MuISQA: Multi-Intent Retrieval-Augmented Generation for Scientific Question Answering
This addresses the limitation of single-intent RAG systems for complex scientific question answering, though it is incremental as it builds on existing RAG methods with a novel decomposition approach.
The paper tackles the problem of incomplete evidence coverage in retrieval-augmented generation (RAG) systems for multi-intent scientific questions by introducing the MuISQA benchmark and an intent-aware retrieval framework, which outperforms conventional approaches in retrieval accuracy and evidence coverage.
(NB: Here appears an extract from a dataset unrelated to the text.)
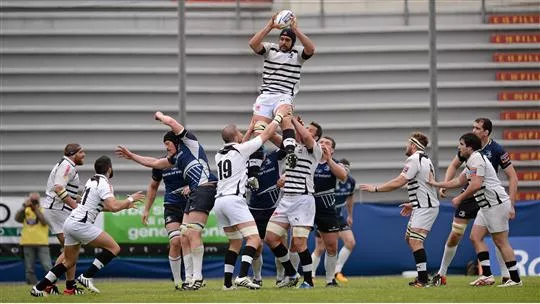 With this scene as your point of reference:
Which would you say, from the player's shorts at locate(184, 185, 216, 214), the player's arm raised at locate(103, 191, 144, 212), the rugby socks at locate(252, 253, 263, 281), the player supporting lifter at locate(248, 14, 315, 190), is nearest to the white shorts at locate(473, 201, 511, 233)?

Complex scientific questions often entail multiple intents, such as identifying gene mutations and linking them to related diseases. These tasks require evidence from diverse sources and multi-hop reasoning, while conventional retrieval-augmented generation (RAG) systems are usually single-intent oriented, leading to incomplete evidence coverage. To assess this limitation, we introduce the Multi-Intent Scientific Question Answering (MuISQA) benchmark, which is designed to evaluate RAG systems on heterogeneous evidence coverage across sub-questions. In addition, we propose an intent-aware retrieval framework that leverages large language models (LLMs) to hypothesize potential answers, decompose them into intent-specific queries, and retrieve supporting passages for each underlying intent. The retrieved fragments are then aggregated and re-ranked via Reciprocal Rank Fusion (RRF) to balance coverage across diverse intents while reducing redundancy. Experiments on both MuISQA benchmark and other general RAG datasets demonstrate that our method consistently outperforms conventional approaches, particularly in retrieval accuracy and evidence coverage.